Bruce J. Hawker ist kein Piratencomic, die Reihe steht vielmehr in der Tradition von Abenteuer- und Seefahrer-Filmen wie Des Königs Admiral (Die Bücher von C.S. Forester mit seinem Helden Horatio Hornblower), oder später Peter Weirs Master and Commander oder Comics wie Surcouf (auch bei Splitter). Hawker ist der junge Kapitän, der stolz sein erstes Schiff führt, bald aber erkennen muss, dass ihm von der Admiralität ein Himmelfahrtskommando übertragen wurde. Das natürlich prompt in die Hose geht. Nach seiner Rückkehr fällt er erwartungsgemäß in Ungnade, ersteht unter Arrest, ist entehrt. Seine Stiefeltern und seine Verlobte wenden sich von ihm ab. Wie Ben Hur soll er sich als Galeerensträfling verdingen und muss er seine Ehre wieder erlangen. Das Storytelling ist ab und an etwas holprig. Warum beispielsweise vertraut man einem völlig unerfahrenen Kapitän eine solch wertvolle Fracht an – eine öminöse Geheimwaffe, deren Beschaffenheit wir nie erfahren?
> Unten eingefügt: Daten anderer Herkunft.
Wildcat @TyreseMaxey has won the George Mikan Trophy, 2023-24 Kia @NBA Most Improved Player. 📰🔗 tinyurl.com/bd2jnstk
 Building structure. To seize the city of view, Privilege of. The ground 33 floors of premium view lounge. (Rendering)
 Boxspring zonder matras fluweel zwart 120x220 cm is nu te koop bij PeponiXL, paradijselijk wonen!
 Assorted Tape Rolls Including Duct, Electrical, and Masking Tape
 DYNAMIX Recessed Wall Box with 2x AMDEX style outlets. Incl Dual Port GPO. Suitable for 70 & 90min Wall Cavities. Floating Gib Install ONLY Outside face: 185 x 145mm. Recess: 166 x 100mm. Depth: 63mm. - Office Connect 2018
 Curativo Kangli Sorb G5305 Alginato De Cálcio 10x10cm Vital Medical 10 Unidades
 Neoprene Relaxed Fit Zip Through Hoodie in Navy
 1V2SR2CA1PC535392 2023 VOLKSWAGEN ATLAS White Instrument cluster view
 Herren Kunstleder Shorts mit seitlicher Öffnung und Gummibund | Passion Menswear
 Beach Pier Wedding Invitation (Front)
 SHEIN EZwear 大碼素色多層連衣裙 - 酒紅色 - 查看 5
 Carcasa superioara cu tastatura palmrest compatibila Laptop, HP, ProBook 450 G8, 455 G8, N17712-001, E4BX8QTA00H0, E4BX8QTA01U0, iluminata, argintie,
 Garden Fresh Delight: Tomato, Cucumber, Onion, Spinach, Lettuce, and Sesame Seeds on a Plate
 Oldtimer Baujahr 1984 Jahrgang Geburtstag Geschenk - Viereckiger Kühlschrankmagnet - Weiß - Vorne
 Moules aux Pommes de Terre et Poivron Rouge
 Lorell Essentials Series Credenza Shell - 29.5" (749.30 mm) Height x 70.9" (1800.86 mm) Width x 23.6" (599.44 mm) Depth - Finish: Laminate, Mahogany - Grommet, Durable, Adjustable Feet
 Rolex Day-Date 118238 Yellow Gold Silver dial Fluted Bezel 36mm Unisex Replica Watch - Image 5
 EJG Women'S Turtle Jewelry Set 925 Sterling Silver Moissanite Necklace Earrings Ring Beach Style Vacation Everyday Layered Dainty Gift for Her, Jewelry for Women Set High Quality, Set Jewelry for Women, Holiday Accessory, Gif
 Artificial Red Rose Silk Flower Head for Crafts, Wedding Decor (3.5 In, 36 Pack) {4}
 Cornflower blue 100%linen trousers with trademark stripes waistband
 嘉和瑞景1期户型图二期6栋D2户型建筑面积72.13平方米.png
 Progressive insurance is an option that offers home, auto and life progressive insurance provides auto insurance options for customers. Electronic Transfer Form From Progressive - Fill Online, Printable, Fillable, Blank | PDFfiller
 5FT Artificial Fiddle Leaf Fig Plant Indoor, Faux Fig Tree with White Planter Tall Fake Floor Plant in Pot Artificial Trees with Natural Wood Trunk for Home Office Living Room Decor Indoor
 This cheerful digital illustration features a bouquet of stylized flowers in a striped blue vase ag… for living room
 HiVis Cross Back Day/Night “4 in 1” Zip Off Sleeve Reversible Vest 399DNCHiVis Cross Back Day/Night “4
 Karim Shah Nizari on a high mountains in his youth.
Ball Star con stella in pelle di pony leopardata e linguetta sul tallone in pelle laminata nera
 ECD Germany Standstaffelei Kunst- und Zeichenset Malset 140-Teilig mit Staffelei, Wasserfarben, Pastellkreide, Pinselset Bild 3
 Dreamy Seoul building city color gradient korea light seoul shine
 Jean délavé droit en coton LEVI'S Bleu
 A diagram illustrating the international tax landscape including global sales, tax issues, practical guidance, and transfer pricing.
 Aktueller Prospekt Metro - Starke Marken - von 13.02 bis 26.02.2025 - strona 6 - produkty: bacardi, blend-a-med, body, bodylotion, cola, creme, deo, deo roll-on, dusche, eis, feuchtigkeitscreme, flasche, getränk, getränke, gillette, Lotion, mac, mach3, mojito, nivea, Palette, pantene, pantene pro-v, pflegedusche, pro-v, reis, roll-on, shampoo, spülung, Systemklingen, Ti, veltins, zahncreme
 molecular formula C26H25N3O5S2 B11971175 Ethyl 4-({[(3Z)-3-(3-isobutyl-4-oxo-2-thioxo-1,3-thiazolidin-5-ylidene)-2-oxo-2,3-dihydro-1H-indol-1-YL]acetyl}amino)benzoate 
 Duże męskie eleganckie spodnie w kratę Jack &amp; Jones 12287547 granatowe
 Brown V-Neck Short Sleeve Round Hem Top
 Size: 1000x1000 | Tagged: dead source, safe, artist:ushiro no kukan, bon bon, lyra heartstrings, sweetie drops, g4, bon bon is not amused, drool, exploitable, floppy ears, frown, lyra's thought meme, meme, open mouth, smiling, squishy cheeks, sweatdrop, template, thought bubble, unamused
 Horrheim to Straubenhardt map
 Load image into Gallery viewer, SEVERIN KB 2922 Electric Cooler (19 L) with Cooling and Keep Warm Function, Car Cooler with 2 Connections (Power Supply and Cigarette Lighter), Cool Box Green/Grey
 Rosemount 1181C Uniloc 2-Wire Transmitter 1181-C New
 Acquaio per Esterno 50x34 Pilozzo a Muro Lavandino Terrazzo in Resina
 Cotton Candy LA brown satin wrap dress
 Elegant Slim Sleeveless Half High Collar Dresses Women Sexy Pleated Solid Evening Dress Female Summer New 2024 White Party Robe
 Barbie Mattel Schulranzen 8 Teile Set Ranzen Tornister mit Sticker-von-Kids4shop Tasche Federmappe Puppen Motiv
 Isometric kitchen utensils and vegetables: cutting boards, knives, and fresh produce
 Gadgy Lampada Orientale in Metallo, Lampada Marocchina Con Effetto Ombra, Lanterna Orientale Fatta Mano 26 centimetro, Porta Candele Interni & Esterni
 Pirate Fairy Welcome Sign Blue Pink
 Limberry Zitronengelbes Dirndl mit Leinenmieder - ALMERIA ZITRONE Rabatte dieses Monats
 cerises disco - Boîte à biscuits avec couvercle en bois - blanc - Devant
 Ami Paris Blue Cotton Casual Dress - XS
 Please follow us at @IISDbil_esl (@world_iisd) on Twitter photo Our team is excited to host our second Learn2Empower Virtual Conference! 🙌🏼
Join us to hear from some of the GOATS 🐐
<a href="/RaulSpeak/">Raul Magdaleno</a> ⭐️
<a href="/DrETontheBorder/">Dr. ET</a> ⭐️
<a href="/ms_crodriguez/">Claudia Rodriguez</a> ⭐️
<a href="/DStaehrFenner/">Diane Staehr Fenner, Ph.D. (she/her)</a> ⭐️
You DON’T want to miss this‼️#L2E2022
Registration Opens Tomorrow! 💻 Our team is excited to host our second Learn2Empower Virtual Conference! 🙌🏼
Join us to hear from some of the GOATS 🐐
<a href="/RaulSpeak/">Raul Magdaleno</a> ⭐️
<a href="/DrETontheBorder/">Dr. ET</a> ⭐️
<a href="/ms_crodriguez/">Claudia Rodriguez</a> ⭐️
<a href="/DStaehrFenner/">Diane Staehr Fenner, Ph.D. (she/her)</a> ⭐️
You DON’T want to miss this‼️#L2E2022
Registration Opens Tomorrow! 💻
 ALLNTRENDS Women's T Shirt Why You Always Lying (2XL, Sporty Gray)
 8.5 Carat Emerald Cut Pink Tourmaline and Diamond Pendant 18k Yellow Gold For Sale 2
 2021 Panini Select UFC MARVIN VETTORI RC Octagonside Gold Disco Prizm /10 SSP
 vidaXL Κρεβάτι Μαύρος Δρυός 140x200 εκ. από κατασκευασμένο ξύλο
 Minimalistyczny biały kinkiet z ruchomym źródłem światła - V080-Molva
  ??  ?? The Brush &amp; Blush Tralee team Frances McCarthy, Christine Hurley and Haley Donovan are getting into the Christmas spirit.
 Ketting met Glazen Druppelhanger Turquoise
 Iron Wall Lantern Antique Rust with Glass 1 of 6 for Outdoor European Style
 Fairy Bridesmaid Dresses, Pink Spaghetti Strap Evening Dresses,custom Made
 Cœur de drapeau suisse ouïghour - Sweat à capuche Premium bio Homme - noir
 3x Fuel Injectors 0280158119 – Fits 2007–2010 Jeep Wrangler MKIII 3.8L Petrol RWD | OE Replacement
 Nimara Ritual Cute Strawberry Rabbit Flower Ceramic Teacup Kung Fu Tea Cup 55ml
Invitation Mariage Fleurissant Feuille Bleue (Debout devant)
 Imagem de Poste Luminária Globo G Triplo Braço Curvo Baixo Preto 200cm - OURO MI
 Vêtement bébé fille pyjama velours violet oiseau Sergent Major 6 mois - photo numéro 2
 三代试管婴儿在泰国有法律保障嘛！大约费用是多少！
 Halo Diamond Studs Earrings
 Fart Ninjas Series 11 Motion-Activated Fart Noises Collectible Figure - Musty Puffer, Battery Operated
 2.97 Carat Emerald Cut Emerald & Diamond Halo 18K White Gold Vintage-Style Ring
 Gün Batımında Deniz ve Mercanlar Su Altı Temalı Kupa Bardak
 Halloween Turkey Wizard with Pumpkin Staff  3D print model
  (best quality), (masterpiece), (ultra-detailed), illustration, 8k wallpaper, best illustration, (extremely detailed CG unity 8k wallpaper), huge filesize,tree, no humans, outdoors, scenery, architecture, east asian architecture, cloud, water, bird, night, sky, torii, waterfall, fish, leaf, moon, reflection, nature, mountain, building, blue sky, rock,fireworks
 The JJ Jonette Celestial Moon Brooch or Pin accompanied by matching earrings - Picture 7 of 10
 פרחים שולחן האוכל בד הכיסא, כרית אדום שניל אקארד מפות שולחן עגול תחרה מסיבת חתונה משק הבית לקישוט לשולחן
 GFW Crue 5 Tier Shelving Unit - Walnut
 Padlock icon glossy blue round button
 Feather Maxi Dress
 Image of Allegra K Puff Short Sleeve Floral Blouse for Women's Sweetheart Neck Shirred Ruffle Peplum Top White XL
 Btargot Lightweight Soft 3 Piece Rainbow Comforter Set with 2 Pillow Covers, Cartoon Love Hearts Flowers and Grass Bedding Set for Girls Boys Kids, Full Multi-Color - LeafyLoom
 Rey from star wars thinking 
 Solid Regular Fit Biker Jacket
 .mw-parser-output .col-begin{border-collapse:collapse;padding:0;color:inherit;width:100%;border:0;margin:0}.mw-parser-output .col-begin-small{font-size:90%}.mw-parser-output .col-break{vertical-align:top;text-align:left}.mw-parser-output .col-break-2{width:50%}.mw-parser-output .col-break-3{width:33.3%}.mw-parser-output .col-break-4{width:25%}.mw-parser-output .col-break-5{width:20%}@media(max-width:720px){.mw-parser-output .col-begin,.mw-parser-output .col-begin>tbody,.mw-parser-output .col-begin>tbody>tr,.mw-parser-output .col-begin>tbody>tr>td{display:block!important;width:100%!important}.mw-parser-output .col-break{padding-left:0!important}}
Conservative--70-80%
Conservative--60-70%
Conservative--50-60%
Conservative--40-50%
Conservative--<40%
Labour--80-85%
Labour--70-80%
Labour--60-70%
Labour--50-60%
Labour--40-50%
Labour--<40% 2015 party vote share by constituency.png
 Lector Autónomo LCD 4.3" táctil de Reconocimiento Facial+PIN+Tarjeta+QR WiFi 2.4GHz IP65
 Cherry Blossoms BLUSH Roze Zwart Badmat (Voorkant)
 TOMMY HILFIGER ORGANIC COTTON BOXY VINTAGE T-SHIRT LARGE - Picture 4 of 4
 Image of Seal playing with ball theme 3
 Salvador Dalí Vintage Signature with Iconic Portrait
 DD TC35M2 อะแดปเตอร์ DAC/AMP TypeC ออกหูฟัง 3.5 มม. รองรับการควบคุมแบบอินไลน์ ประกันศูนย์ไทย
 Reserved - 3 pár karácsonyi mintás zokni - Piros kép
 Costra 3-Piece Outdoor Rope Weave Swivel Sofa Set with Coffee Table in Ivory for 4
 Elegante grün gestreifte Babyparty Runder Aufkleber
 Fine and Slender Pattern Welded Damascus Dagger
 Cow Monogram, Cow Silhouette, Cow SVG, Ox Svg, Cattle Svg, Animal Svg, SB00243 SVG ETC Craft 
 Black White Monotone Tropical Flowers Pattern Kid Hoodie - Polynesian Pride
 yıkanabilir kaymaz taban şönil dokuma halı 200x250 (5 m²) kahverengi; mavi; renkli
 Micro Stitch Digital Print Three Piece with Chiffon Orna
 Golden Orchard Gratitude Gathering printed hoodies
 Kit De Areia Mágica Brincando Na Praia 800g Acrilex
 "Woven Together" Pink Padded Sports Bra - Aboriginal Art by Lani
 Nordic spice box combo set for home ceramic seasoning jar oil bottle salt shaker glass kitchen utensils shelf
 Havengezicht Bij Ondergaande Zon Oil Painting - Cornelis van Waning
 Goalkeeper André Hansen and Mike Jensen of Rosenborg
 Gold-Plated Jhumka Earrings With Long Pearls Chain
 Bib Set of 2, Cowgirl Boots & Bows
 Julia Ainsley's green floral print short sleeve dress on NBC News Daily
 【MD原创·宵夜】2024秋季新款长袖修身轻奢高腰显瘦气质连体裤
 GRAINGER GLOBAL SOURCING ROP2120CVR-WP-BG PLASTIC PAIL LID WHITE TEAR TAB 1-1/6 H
Warum schickt man ihn damit direkt in Richtung der feindlichen spanischen Flotte?

Aber Vances Zeichnungen machen die Schwächen in der Story mehr als wett. Sie sind kraftstrotzend, rauh wie das Meer. So gefallen sie mir am besten. Später, bei seiner Erfolgsserie XIII waren sie zwar filigraner, aber auch schon wieder geglättet. Die Darstellungen im Sturm, mit aufbrausender Gischt, mit hohen Wellen sind fast lebendig und atmosphärisch dicht dargestellt. Gleiches gilt auch für die Nachtszenen. Alle drei Geschichten beinhalten etliche Panels, an denen man sich nicht genug satt sehen kann. Die detailgetraue Wiedergabe der Schiffe, der militärischen Abläufe (Die Bedienung der Kanonen) zeigt, wie intensiv sich Vance mit der dieser Zeit beschäftigt haben muss. Man sieht, dass die Serie eine Herzensangelegenheit war.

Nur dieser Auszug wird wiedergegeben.